Attempting to run the command again:

$ sudo ./factory_reset.sh -s
Updating to latest stabilized release
--2022-03-18 17:55:23--  https://ci.betrusted.io/releases/latest/loader.bin
Resolving ci.betrusted.io (ci.betrusted.io)... 132.147.127.39
Connecting to ci.betrusted.io (ci.betrusted.io)|132.147.127.39|:443... connected.
HTTP request sent, awaiting response... 200 OK
Length: 1282120 (1.2M) [application/octet-stream]
Saving to: ‘/tmp/loader.bin’

/tmp/loader.bin               100%[=================================================>]   1.22M   583KB/s    in 2.1s

2022-03-18 17:55:27 (583 KB/s) - ‘/tmp/loader.bin’ saved [1282120/1282120]

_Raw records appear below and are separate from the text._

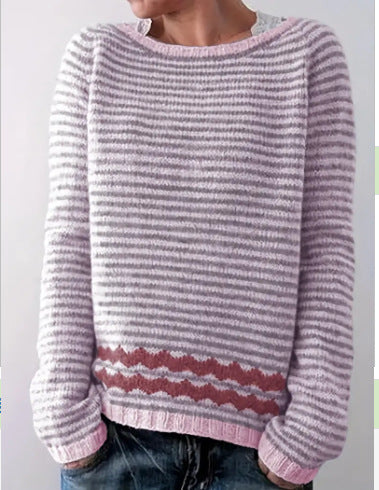 Women's Round-neck Loose Multicolor Sweater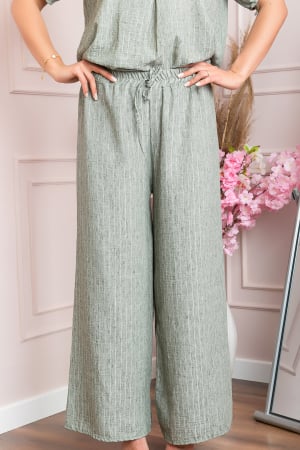 Pantaloni palazzo Athena cu talie elastica si insertii argintii - Kaki [3]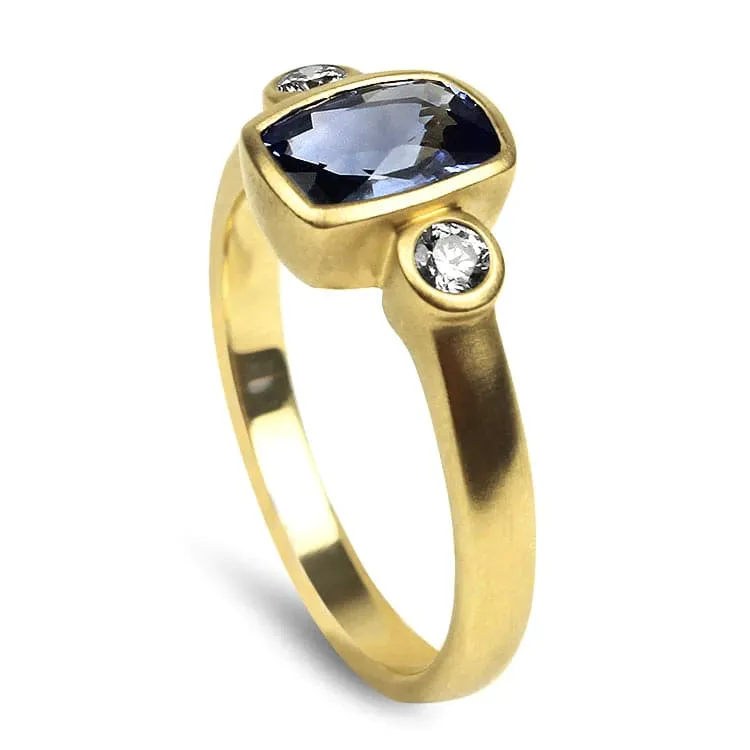 14k Yellow Gold Cushion Cut Ceylon Sapphire and Diamond Ring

Could not find a valid csr.csv descriptor on the device, aborting!
bunnie commented 2 years ago

If you haven't cut power, try running this sequence of commands:

wget https://ci.betrusted.io/releases/latest/soc_csr.bin -O /tmp/soc_csr.bin
./usb_update.py --soc /tmp/soc_csr.bin --force
rm /tmp/soc_csr.bin

This should get your soc_csr.bin into a good state by forcing the write. If you cut power though, you'll have to do the failsafe method. Sorry for the hassle...I'll be able to respond more later today, on the road at the moment.

coder543 commented 2 years ago

I haven't cut power, so I'm happy to try that out. Unfortunately, the result seems the same.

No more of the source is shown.